1995 32¢ Okinawa
WWII – 1945: Victory at Last
Issue Date: September 2, 1995
City: Honolulu, HI
Quantity: 5,000,000 panes of 20
Printed By: Bureau of Engraving and Printing
Printing Method: Lithographed and engraved
The fifth and final installment of the World War II series commemorates the 50th anniversary of the war's final year. Titled "1945: Victory at Last," these 10 stamps chronicle the events leading to Germany's surrender, the Japanese surrender, and ultimately the Allied victory. Nearly 300,000 American service personnel lost their lives between 1941 and 1945.

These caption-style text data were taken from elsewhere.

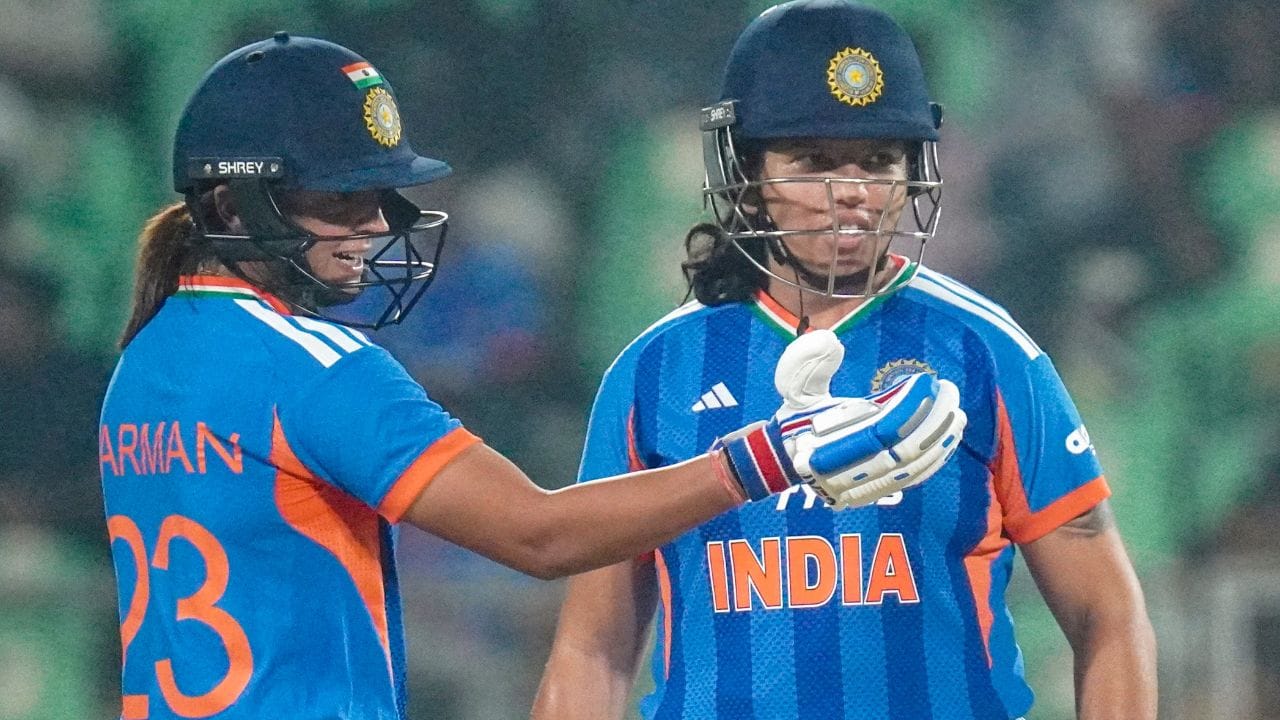 Image for IND W vs SA W: 28 चौके-छक्के, साउथ अफ्रीका में टीम इंडिया का तूफान, 20 ओवर में ठोके इतने रन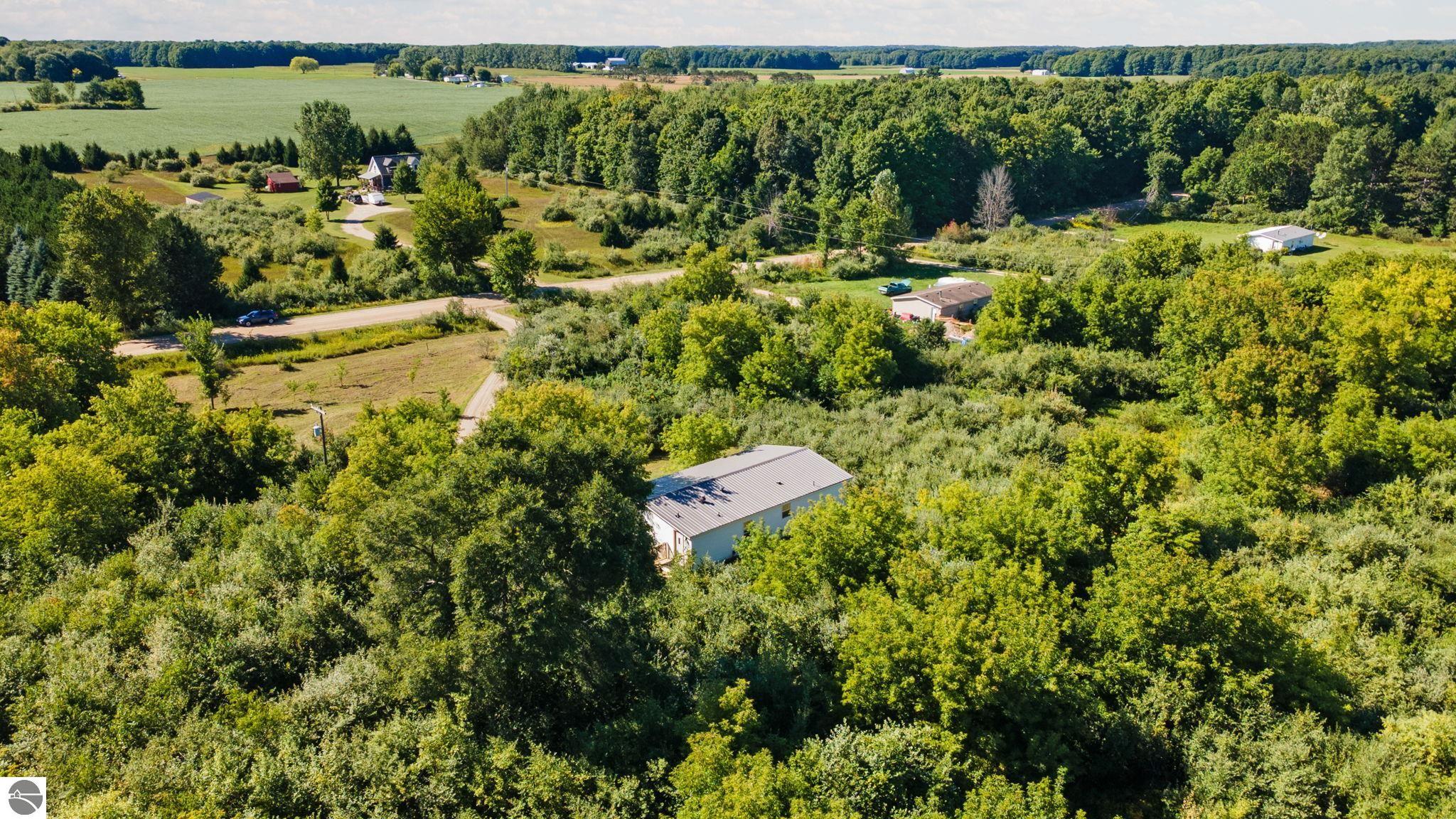 8875 Rahe Road, Kingsley, MI 49649 — Photo 10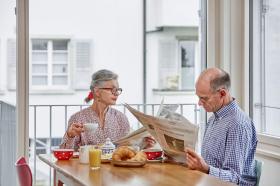 Senioren lesen Zeitung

Only 325 miles south of mainland Japan, the island of Okinawa was a prime strategic objective. The landing on Okinawa began on Easter Sunday, April 1, 1945, and was the last and largest amphibious assault of the Pacific Campaign. Expecting immediate resistance, as at Iwo Jima, troops were surprised to find little enemy activity. Hours after troops had swarmed ashore, a vital airstrip was captured without a single shot being fired. For five days U.S. troops waited to engage the enemy.
Then on April 6th the Japanese struck – General Ushijima had pulled his forces back to the southern part of the island and was waiting to trap the Marines! For two days, nearly 700 enemy aircraft, including 350 kamikazes, pounded the beachheads and the offshore forces. From that point on, Okinawa was won in a series of bloody battles. After 82 days of fighting the island was captured. More than 110,000 Japanese were dead – nine for every American.
America’s sea power, encroaching land force, and formidable air power now posed an immediate threat to the Japanese mainland. Some members of the Japanese government favored surrender, others wanted to fight on. With their bases in line, the Allies proceeded with their plans to force Japan into unconditional surrender.